# Need To Insure Watch.



## Grandpa Munster (Nov 7, 2009)

I really need to get my Omega Planet Ocean Chrono insured.

I'm looking to get cover for theft, loss and accidental damage on a like for like basis.

Who do I use? and how much should I pay?

It is also very likely I will get another Planet Ocean, which will also need to be added onto a policy.

Thanks for any help chaps.


----------



## JoT (Aug 12, 2003)

With one or even with several watches, most home contents insurance policies will cover you and normally have an option for all-risks; the problem comes when you have lots of watches!


----------



## Robert (Jul 26, 2006)

Home contents insurance would be the first option.
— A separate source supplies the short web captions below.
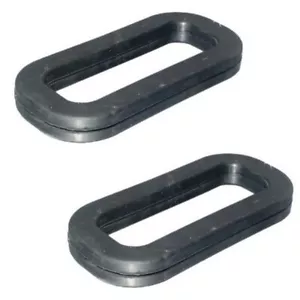 2 FENDER GROMMETS Fits International 826 966 Fits FARMALL 1026 1066 1206 1456 - Picture 1 of 9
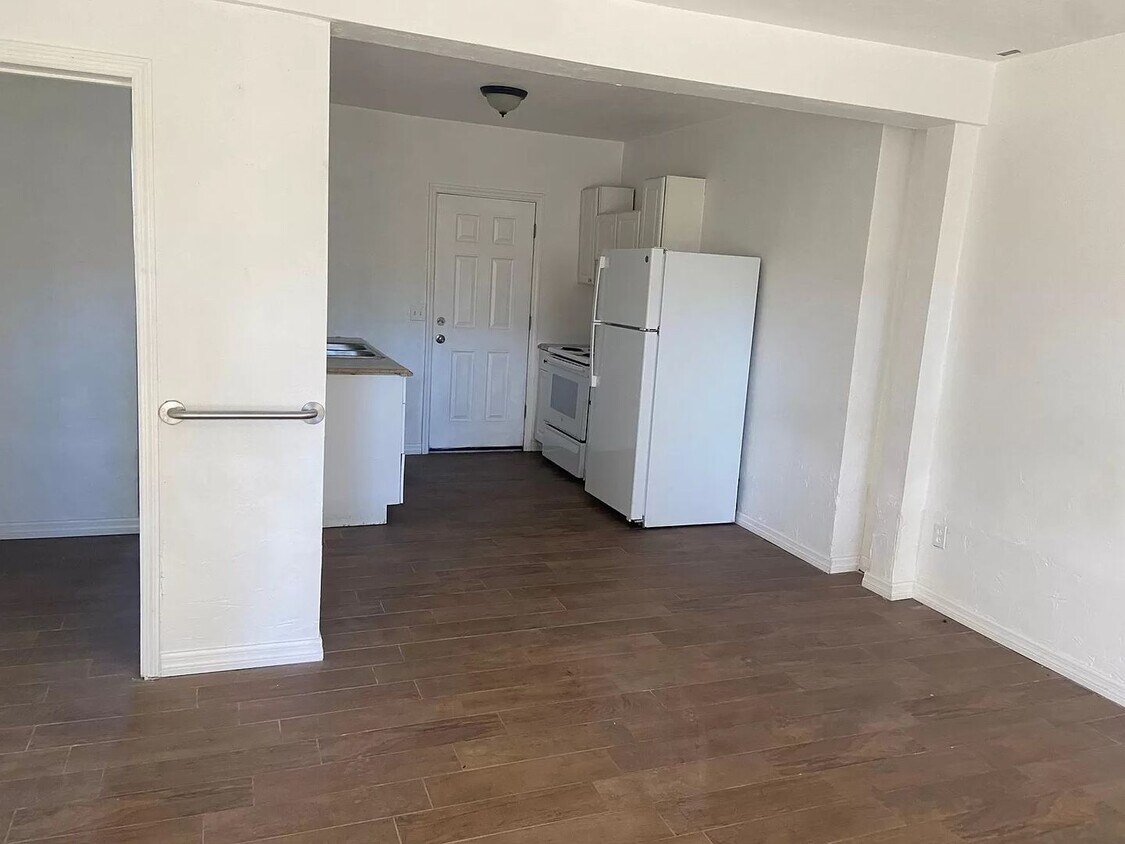 Building Photo - 126 W Gardiner Ct. Daytona Beach, FL 32114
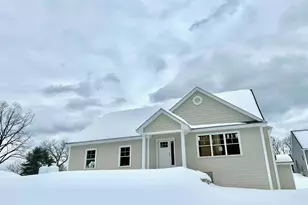 10 Juliana Ave, Nashua, NH 03064 - Photo 2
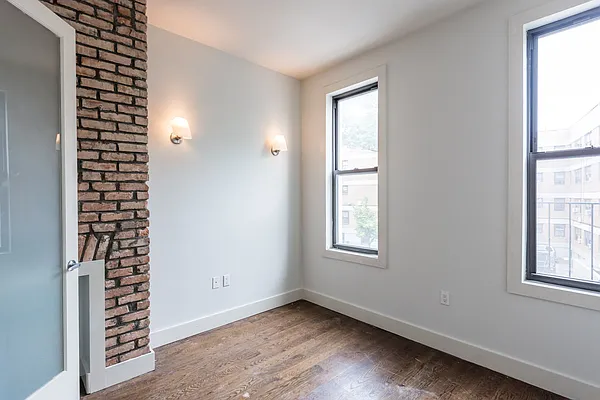 Rented by Nooklyn NYC LLC | media 18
It may be covered already.


----------



## Grandpa Munster (Nov 7, 2009)

I think I would rather have a dedicated policy, which covers me for exactly what I want.


----------



## JoT (Aug 12, 2003)

Grandpa Munster said:


> I think I would rather have a dedicated policy, which covers me for exactly what I want.


My contents insurance covers my watches for loss, accidental damage and a like for like replacement even if the loss or damage occurs outside the house. What more do you want?


----------



## Grandpa Munster (Nov 7, 2009)

I don't have contents insurance, due to my living arrangements, I don't need it.

I don't even have car insurance as I have a company vehicle.

Therefore I require insurance for my watch.


----------



## jeffvader (Jun 10, 2008)

Talk to an insurance broker. I like most of the guys here have them on the contents insurance.


----------



## JoT (Aug 12, 2003)

http://www.connoisseurpolicies.com/index.asp


----------



## bobbymonks (Jan 13, 2009)

If the PO is new didn't your AD offer you insurance at the time of purchase?

I did that for my Sub then just renew it every year. Although it is rather expensive, my car costs less to insure, and I use that everyday & drive like a looney


----------



## Toshi (Aug 31, 2007)

JohnT said:


> http://www.connoisse...s.com/index.asp


another recommendation for these people. :thumbsup:


----------



## Xantiagib (Apr 22, 2005)

Uk residents only but they provide worldwide cover?


----------



## PhilM (Nov 5, 2004)

Toshi said:


> JohnT said:
> 
> 
> > http://www.connoisse...s.com/index.asp
> ...


Actually I've just tried these people, gave them a few watches and the values and they came out higher than my latest quote for home insurance...


----------